Comprendre, c'est assembler sous l'unité d'un sens, ça nous l'avons déjà dit.
Pour assigner un sens à une chose, il faut sélectionner cette chose, l'isoler de l'ensemble.
L'ensemble est un monstre que nous ne pouvons penser correctement.

La perception, par exemple, est amalgamante : tout se mêle dans les informations que nous recevons, elles sont "brutes", se mélangent, se complexifient. Je regarde par ma fenêtre : le vois la lumière, le vent, les feuilles... A travers ces données, je connais l'heure de la journée, l'intensité du rayonnement solaire, le sens dans lequel souffle le vent, son effet régulateur sur la température, je perçois la saison à laquelle nous sommes. Mais également le temps qu'il fera dans les heures qui viennent, le nombres d'années dans lesquelles il faudra intervenir pour rénover les bâtiments... Rajoutons à ces seuls éléments visuels les informations perçues par l'ouïe ou par la peau : en un simple coup d'oeil de quelques secondes, ce sont plusieurs centaines d'informations qui m'ont été communiquées, plus ou moins consciemment.
Penser l'ensemble par "petits morceaux", en le simplifiant, est beaucoup plus réalisable. Descartes nous l'apprenait : pour surmonter une difficulté, il faut commencer par la décomposer. "[...]de diviser chacune des difficultés que j'examinerais, en autant de parcelles qu'il se pourrait, et qu'il serait requis pour les mieux résoudre". (Discours de la méthode).
Là où la question "Avez-vous vécu une enfance heureuse" ne pourra pas être pensée facilement, la décomposition de l'enfance en phases chronologiques et l'analyse objective de chacune de ces phases pourra permettre d'obtenir une réponse plus élaborée, plus juste, qu'une réponse directe.
Une fois que nous avons sélectionné ce qui nous importe d'examiner, il faut retirer tout ce qui y est subjectif, sensible, en un mot tout ce qui risque de nous parasiter lors de la réflexion. Le résultat s'appelle une abstraction : une chose isolée qui n'est pas déformée par les sens. C'est un bout de la réalité auquel nous aboutissons par une démarche strictement intellectuelle.

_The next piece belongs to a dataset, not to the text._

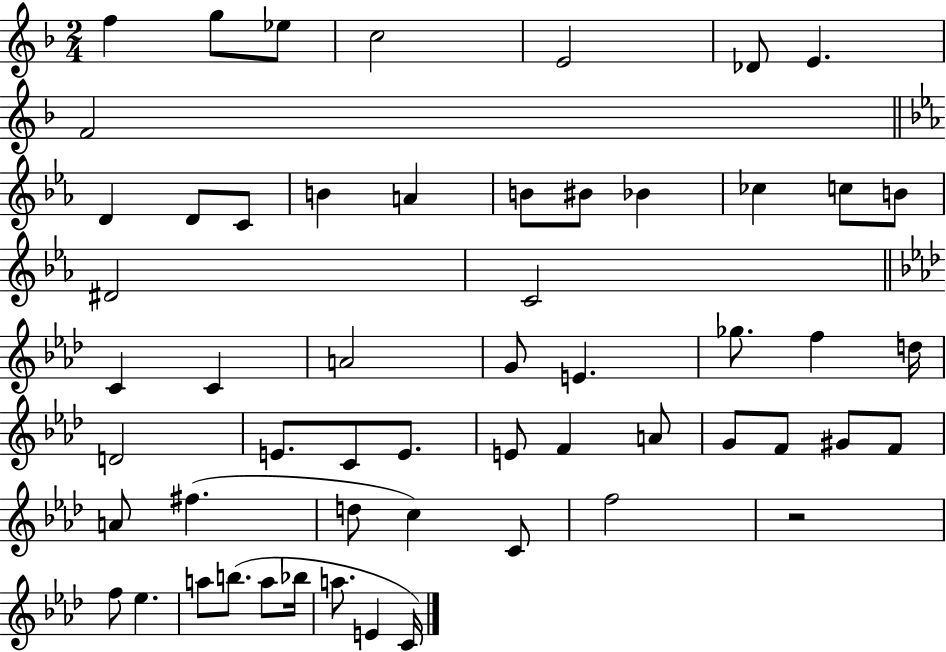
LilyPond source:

Ainsi, une décision qui apparaîtra comme bonne dans un contexte donné se révélera catastrophique une fois analysée abstraitement : quel intérêt à exposer ses hommes en les faisant pourchasser une poignée de fuyards ? Pourquoi retarder une échéance qui ne peut qu'intervenir ? Pourquoi se maintenir dans une situation qui ne génère que des effets négatifs à moyen terme ?

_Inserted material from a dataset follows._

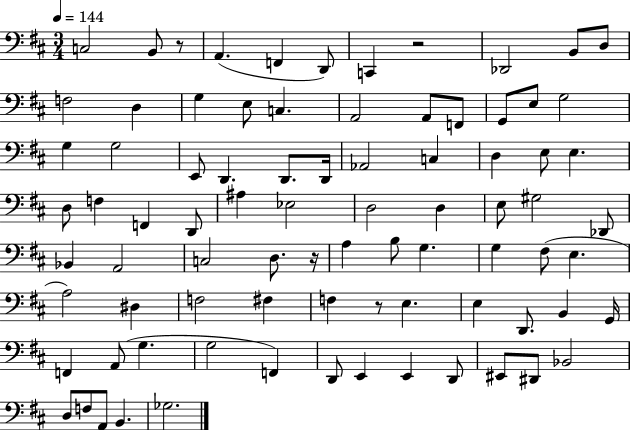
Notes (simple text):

C3/h B2/e R/e A2/q. F2/q D2/e C2/q R/h Db2/h B2/e D3/e F3/h D3/q G3/q E3/e C3/q. A2/h A2/e F2/e G2/e E3/e G3/h G3/q G3/h E2/e D2/q. D2/e. D2/s Ab2/h C3/q D3/q E3/e E3/q. D3/e F3/q F2/q D2/e A#3/q Eb3/h D3/h D3/q E3/e G#3/h Db2/e Bb2/q A2/h C3/h D3/e. R/s A3/q B3/e G3/q. G3/q F#3/e E3/q. A3/h D#3/q F3/h F#3/q F3/q R/e E3/q. E3/q D2/e. B2/q G2/s F2/q A2/e G3/q. G3/h F2/q D2/e E2/q E2/q D2/e EIS2/e D#2/e Bb2/h D3/e F3/e A2/e B2/q. Gb3/h.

L'abstraction, de par la simplification qu'elle introduit, permet de réappréhender logiquement un ensemble, ce qui est plus difficile à réaliser quand on perçoit les faits dans leur complexité, dans leur globalité.

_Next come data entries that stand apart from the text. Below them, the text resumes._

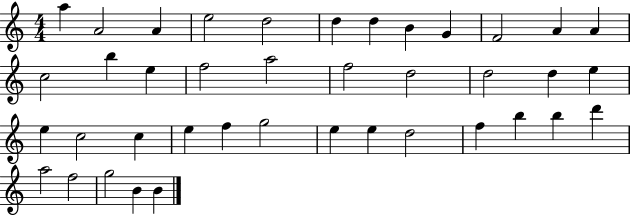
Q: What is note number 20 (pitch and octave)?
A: D5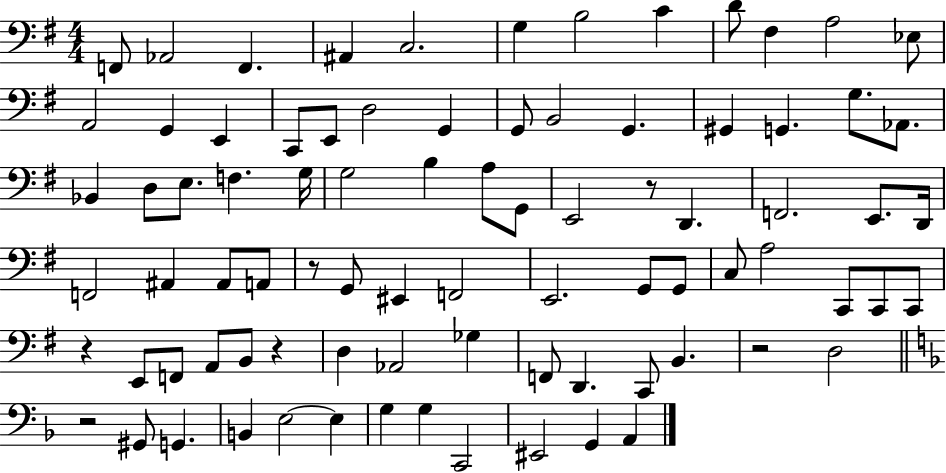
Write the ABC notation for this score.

X:1
T:Untitled
M:4/4
L:1/4
K:G
F,,/2 _A,,2 F,, ^A,, C,2 G, B,2 C D/2 ^F, A,2 _E,/2 A,,2 G,, E,, C,,/2 E,,/2 D,2 G,, G,,/2 B,,2 G,, ^G,, G,, G,/2 _A,,/2 _B,, D,/2 E,/2 F, G,/4 G,2 B, A,/2 G,,/2 E,,2 z/2 D,, F,,2 E,,/2 D,,/4 F,,2 ^A,, ^A,,/2 A,,/2 z/2 G,,/2 ^E,, F,,2 E,,2 G,,/2 G,,/2 C,/2 A,2 C,,/2 C,,/2 C,,/2 z E,,/2 F,,/2 A,,/2 B,,/2 z D, _A,,2 _G, F,,/2 D,, C,,/2 B,, z2 D,2 z2 ^G,,/2 G,, B,, E,2 E, G, G, C,,2 ^E,,2 G,, A,,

A réfléchir également : l'abstraction permet de passer d'une logique d'évènements (un fait, une chose, un sentiment) à une logique de relations (une cause, une conséquence, un résultat). L'abstraction permet d'articuler les évènements entre eux, leur donnant ainsi un relief là où leur simple perception les réduit à une énumération ou une description.